GeoBrix is supported on both DBR 17.3 LTS and DBR 18 LTS. The per-result Environment stamps below record the specific cluster each benchmark actually ran on (DBR 17.3 LTS); they are factual records of the run, not a statement that DBR 18 is unsupported.

What it measures

Each function is timed under two independent models:

  • Pure-core — the raster operation in isolation: open a single tile, call the function, measure. It is always one tile per measurement (repeated once for each tile shape in the corpus — each tile-size / band-count / dtype / SRID combination), and it ignores --row-counts entirely. This is the fairest apples-to-apples view of the algorithm itself, with no Spark or serialization in the path.
  • Spark-path — the registered function (rst_*) applied to a Spark DataFrame of N rows (the only model that uses --row-counts). This includes the realistic per-row overhead (UDF dispatch, serialization, Python-worker round-trips for the lightweight tier), and is swept across a row ladder (e.g. 10 → 100 → 1,000 → 10,000 rows).

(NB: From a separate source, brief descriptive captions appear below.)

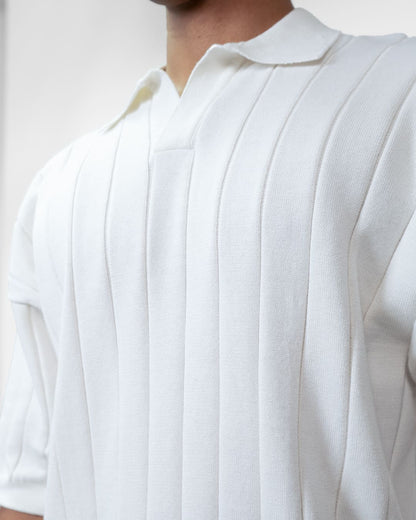 White Striped Knit Polo T-Shirt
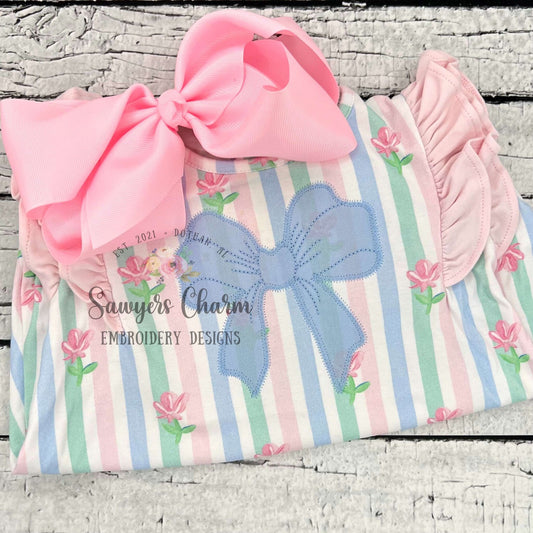 Bow with streamers zig zag stitch machine applique, embroidery design file, quick stitch, coquette, girls, hair ribbon, vintage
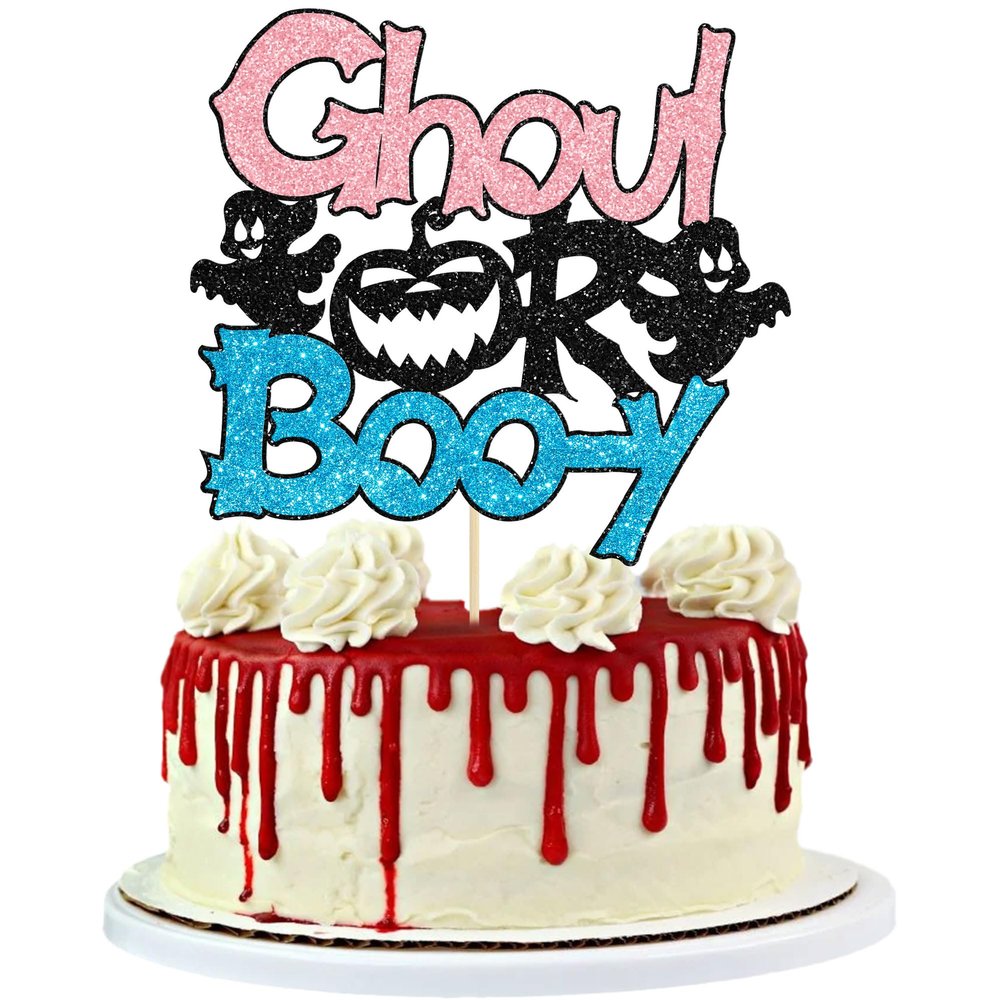 Gyufise 1Pc Boo-Y or Ghoul Cake Topper Pink Blue Glitter Ghost Halloween Cake Pick Gender Reveal Cake Decoration for Halloween Gender Reveal Boys Girls Birthday Party Cake Decorations Supplies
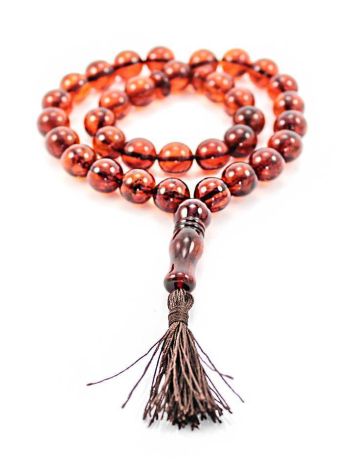 Islamic Ball Cut Amber Prayer Beads, image , picture 3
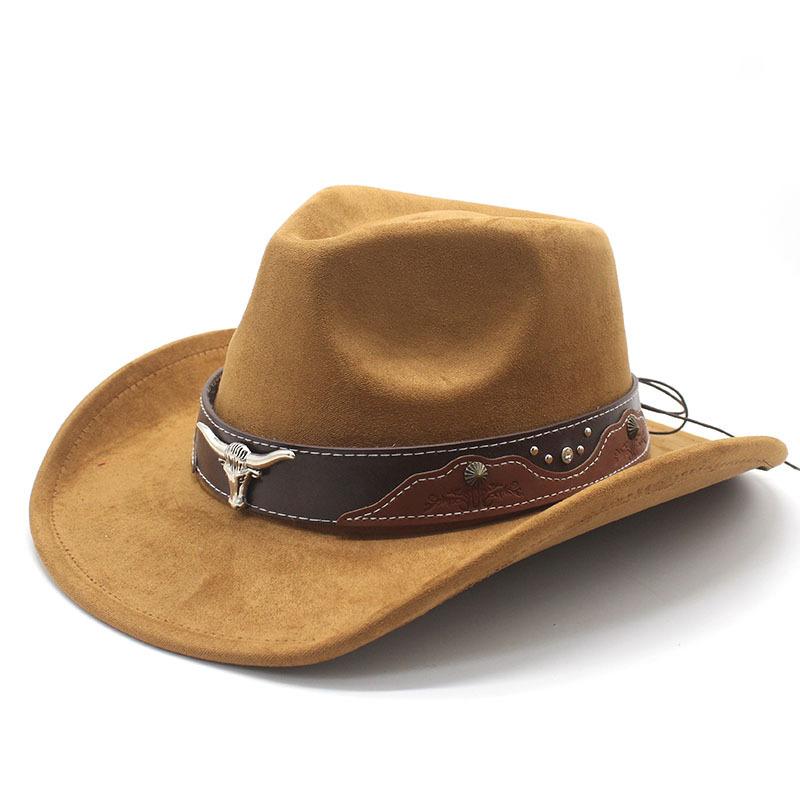 Retro Bull Head Western Cowboy Hat Men And Women, Tibetan Suede Jazz Hat, Big-Brimmed Top Hat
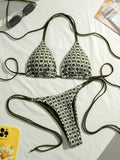 Sexy Green Sunflower Print Mini Bikini 2026 Women Halter Push Up Bra Tie Side Bandage Thong Swimsuit Beach Bathing Suit Swimwear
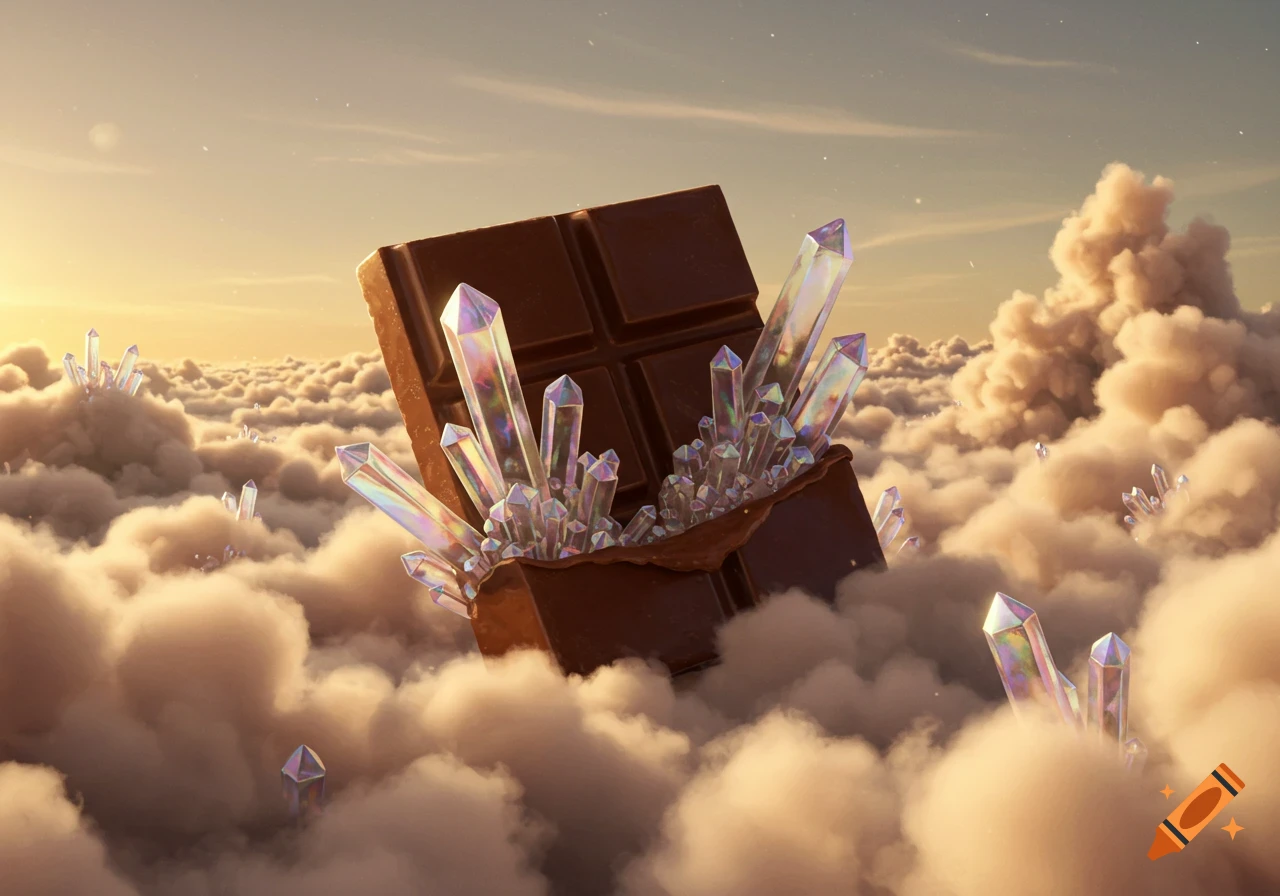 A large chocolate bar with sparkling iridescent crystals growing out of it, floating amidst fluffy, golden-lit clouds under a sunset sky.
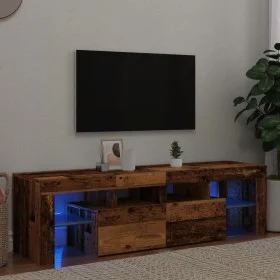 Mueble TV luces LED madera ingeniería envejecida 140x36,5x40 cm de , Muebles TV - Ref: Foro24-856303, Precio: 120,43 €, Descu...
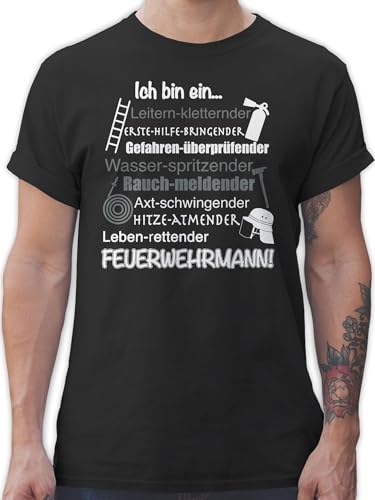 T-Shirt Herren - Feuerwehr - Ich Bin EIN ... Feuerwehrmann! - 3XL - Schwarz - Geschenk für feuerwehrmänner Tshirt feuerwehrgeschenk feuerwehrmann Shirt einen fur feuerwehrgeschenkartikel t-Shirts von Shirtracer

Both models run the function --warmup times untimed (to absorb cold caches, JIT, and worker spin-up) and then --measured times timed; the reported figure is the median over the measured passes. Locally the defaults are 2 warmup / 5 measured; on a cluster they are 1 / 3 for pure-core and 1 / 1 for spark-path (one full N-tile iteration is already substantial).

Alongside timing, every pure-core result carries an output fingerprint (per-band statistics) so the two tiers can be checked for consistency:

  • exact — every statistic is bitwise-equal across tiers.
  • within_tol — every statistic agrees to a relative tolerance of 1e-3 or an absolute tolerance of 1e-3 (the absolute floor handles near-zero values where a relative comparison is meaningless).
  • divergent — neither tolerance is met.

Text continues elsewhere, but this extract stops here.